A segment selection technique for speaker verification

  • Authors:
  • Mohaddeseh Nosratighods;Eliathamby Ambikairajah;Julien Epps;Michael John Carey

  • Affiliations:
  • School of Electrical Engineering and Telecommunications, UNSW, Sydney, NSW 2052, Australia;School of Electrical Engineering and Telecommunications, UNSW, Sydney, NSW 2052, Australia and National ICT Australia (NICTA), Australian Technology Park, Eveleigh 1430, Australia;School of Electrical Engineering and Telecommunications, UNSW, Sydney, NSW 2052, Australia;Department of Electronic, Electrical and Computer Engineering, The University of Birmingham, Edgbaston, Birmingham B15 2TT, United Kingdom

  • Venue:
  • Speech Communication
  • Year:
  • 2010

Quantified Score

Hi-index 0.00

Visualization

Abstract

The performance of speaker verification systems degrades considerably when the test segments are utterances of very short duration.
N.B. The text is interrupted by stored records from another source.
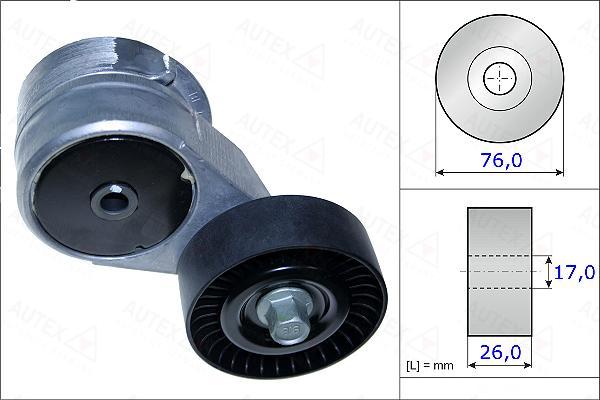 Autex 654869 - Tendicinghia, Cinghia Poly-V autozon.pro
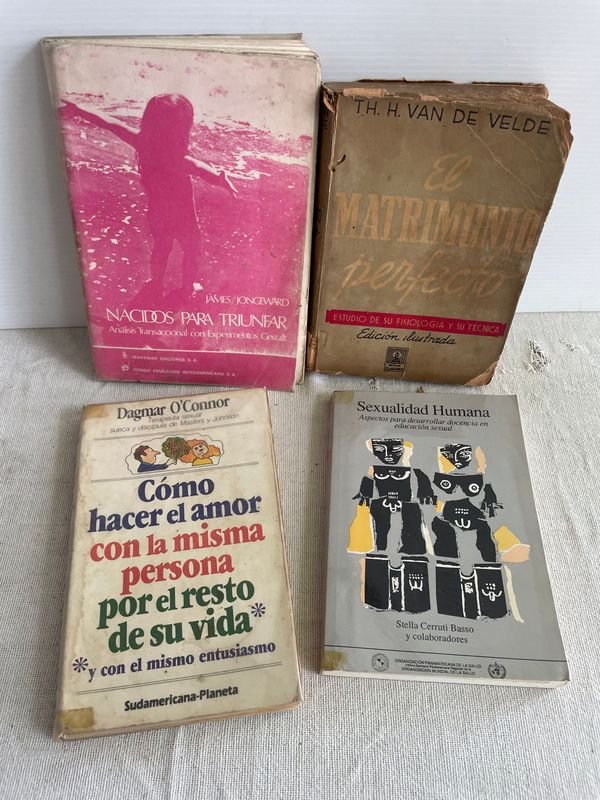 Lote de 4 Libros sobre Relaciones de Pareja y Sexualidad Humana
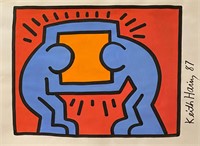 Keith Haring Mixed Media on Paper Pop Art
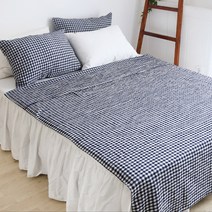 까사베르데 리플 홑겹이불, 네이비 체크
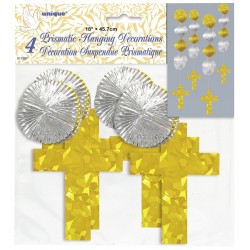 PAQ.4/U TIRA DECORACION COMUNION C/CRUZ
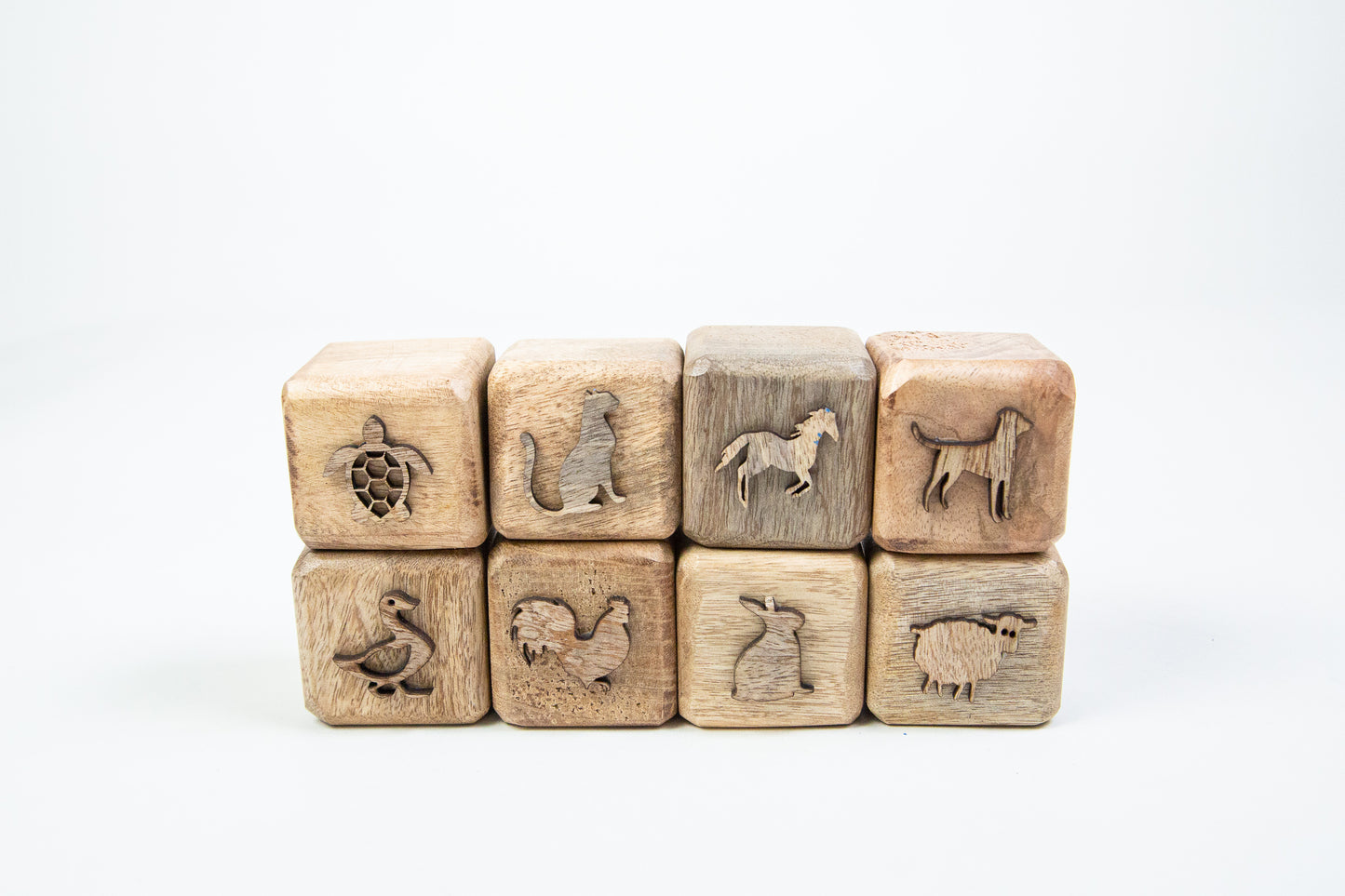 Wooden Clay Stamps – Animal Imprint Set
This might be either due to variations in score-matching arising from the unobserved speech sounds of short speech utterances or the fact that the shorter the utterance, the greater the effect of individual speech sounds on the average likelihood score. In other words, the effects of individual speech sounds have not been cancelled out by a large number of speech sounds in very short utterances. This paper presents a score-based segment selection technique for discarding portions of speech that result in poor discrimination ability in a speaker verification task. Theory is developed to detect the most significant and reliable speech segments based on the probability that the test segment comes from a fixed set of cohort models. This approach, suitable for any duration of test utterance, reduces the effect of acoustic regions of the speech that are not accurately modelled due to sparse training data, and makes a decision based only on the segments that provide the best-matched scores from the segment selection algorithm. The proposed segment selection technique provides reductions in relative error rate of 22% and 7% in terms of minimum Detection Cost Function (DCF) and Equal Error Rate (EER) compared with a baseline used the segment-based normalization, when evaluated on the short utterances of NIST 2002 Speaker Recognition Evaluation dataset.